(Crawled caption data)
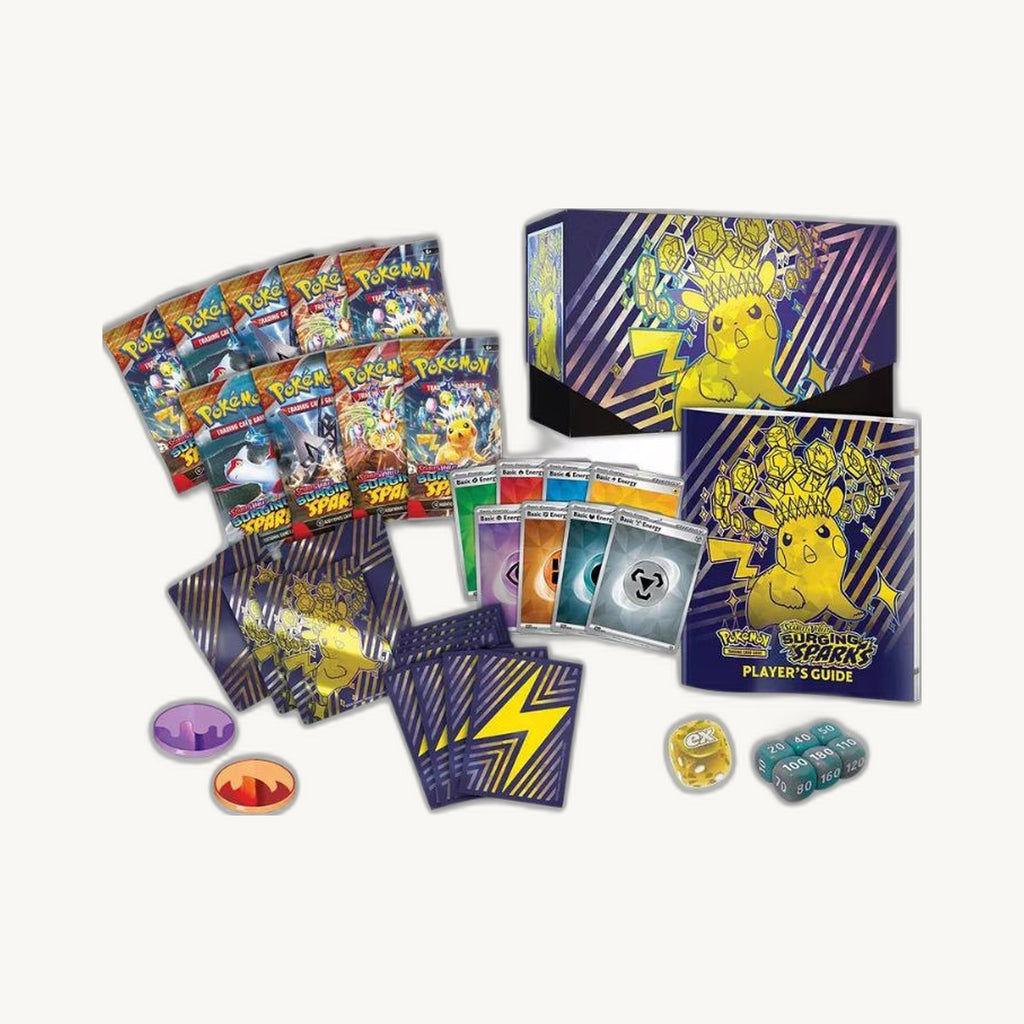 Pokémon TCG: Scarlet & Violet - Surging Sparks Elite Trainer Box - back view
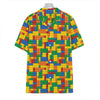 Plastic Building Blocks Pattern Print Hawaiian Shirt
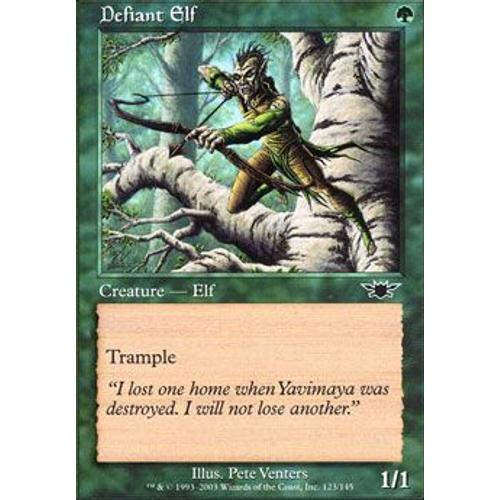 Elfe Provocateur  ( Defiant Elf ) - Magic Mtg - Legions Vf E 123 - C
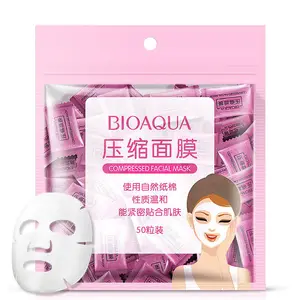 50 шт.компл. хлопок нетканый DIY водосберегающая бумага для лица Сжатый масок одноразовые маски лист таблетки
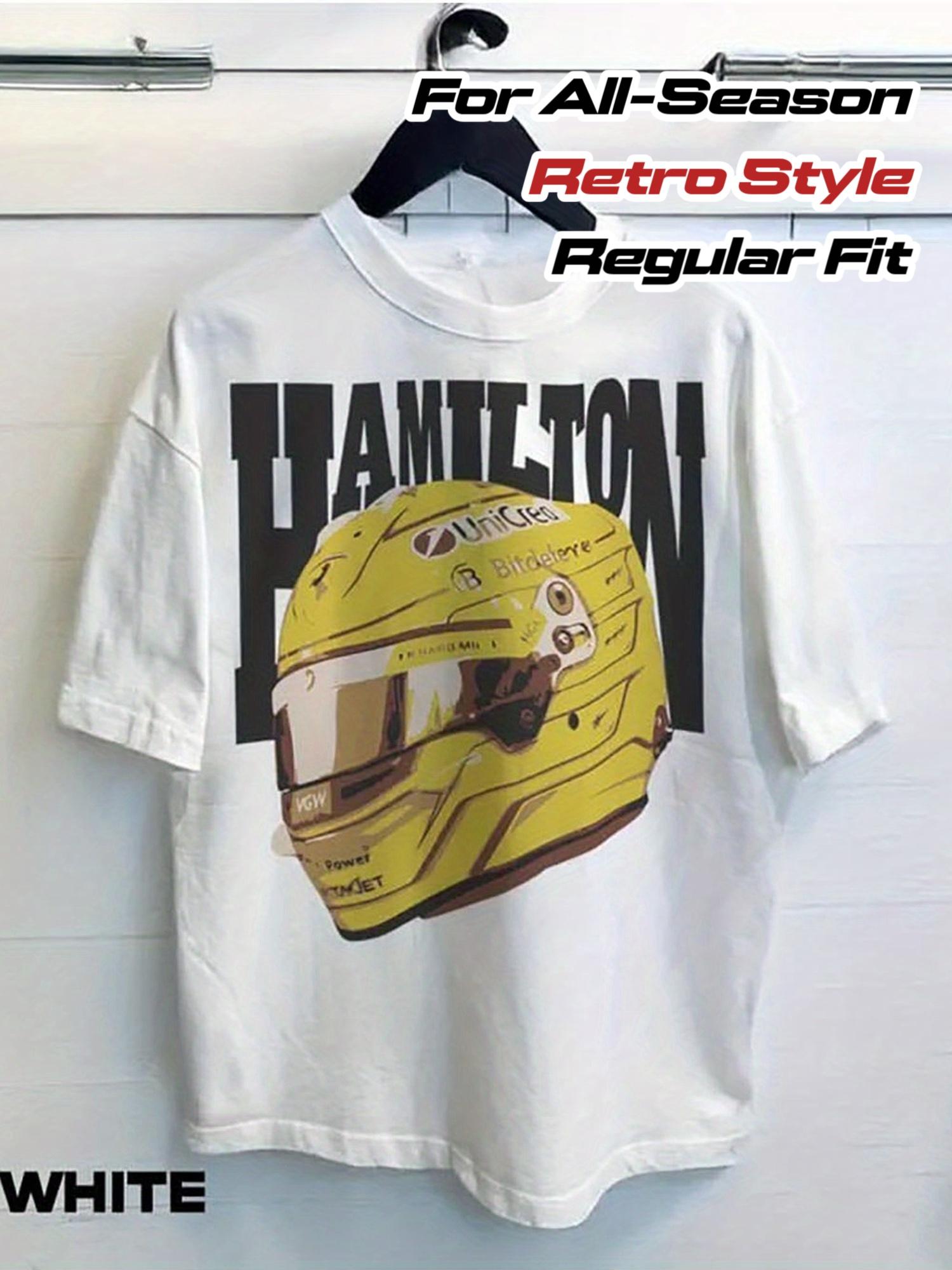 Men S Lewis44 Racing Car Graphic Vintage Motorsport T-Shirt | Racing Helmet Design M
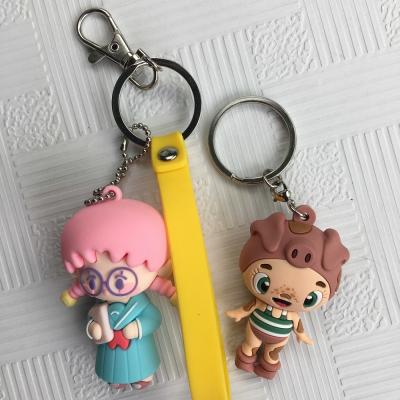 중국 Fadeless Custom Pvc Figure Key Chain Doll Exquisite Workmanship 판매용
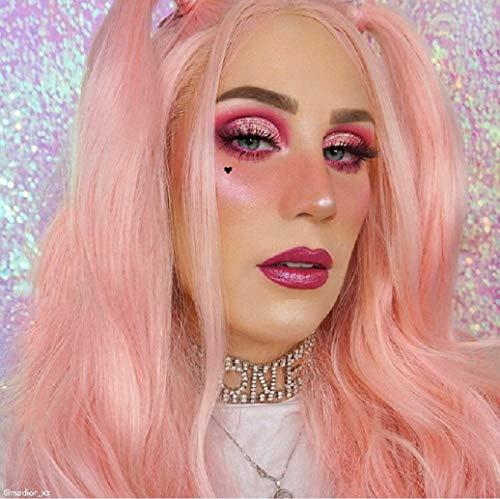 LA Splash LA Splash Cosmetics Loose Glitter Rose Pink Eyeshadow Champagne Metallic Powder for Lips/Hair/Nail/Body - Crystallized Glitter (Cali Rose)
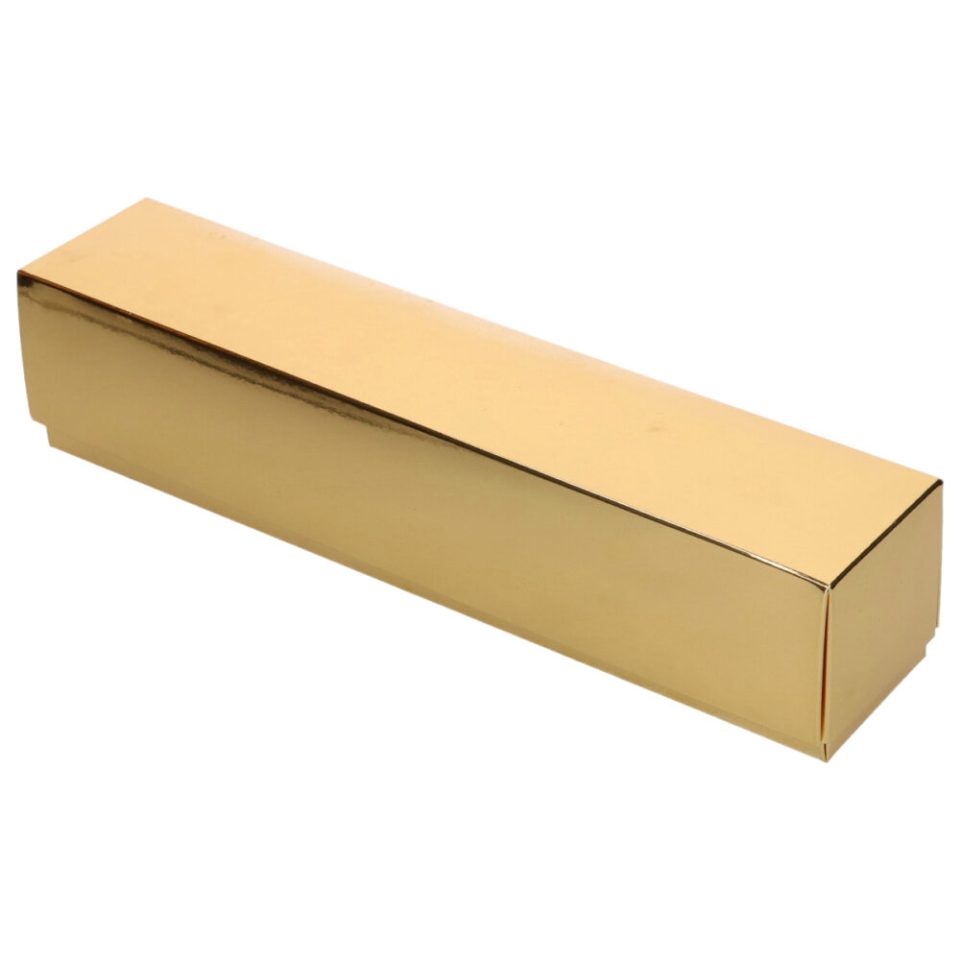 FunCakes Log Pastry Box Gold 32x6x6 cm 10 stuks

◆ **Work item**
Hand over the entries again, exactly as written and without the pictures.

◆ **Finished task**
 Pokémon TCG: Scarlet & Violet - Surging Sparks Elite Trainer Box - back view
 Plastic Building Blocks Pattern Print Hawaiian Shirt
 Elfe Provocateur  ( Defiant Elf ) - Magic Mtg - Legions Vf E 123 - C
 50 шт.компл. хлопок нетканый DIY водосберегающая бумага для лица Сжатый масок одноразовые маски лист таблетки
 Men S Lewis44 Racing Car Graphic Vintage Motorsport T-Shirt | Racing Helmet Design M
 중국 Fadeless Custom Pvc Figure Key Chain Doll Exquisite Workmanship 판매용
 LA Splash LA Splash Cosmetics Loose Glitter Rose Pink Eyeshadow Champagne Metallic Powder for Lips/Hair/Nail/Body - Crystallized Glitter (Cali Rose)
 FunCakes Log Pastry Box Gold 32x6x6 cm 10 stuks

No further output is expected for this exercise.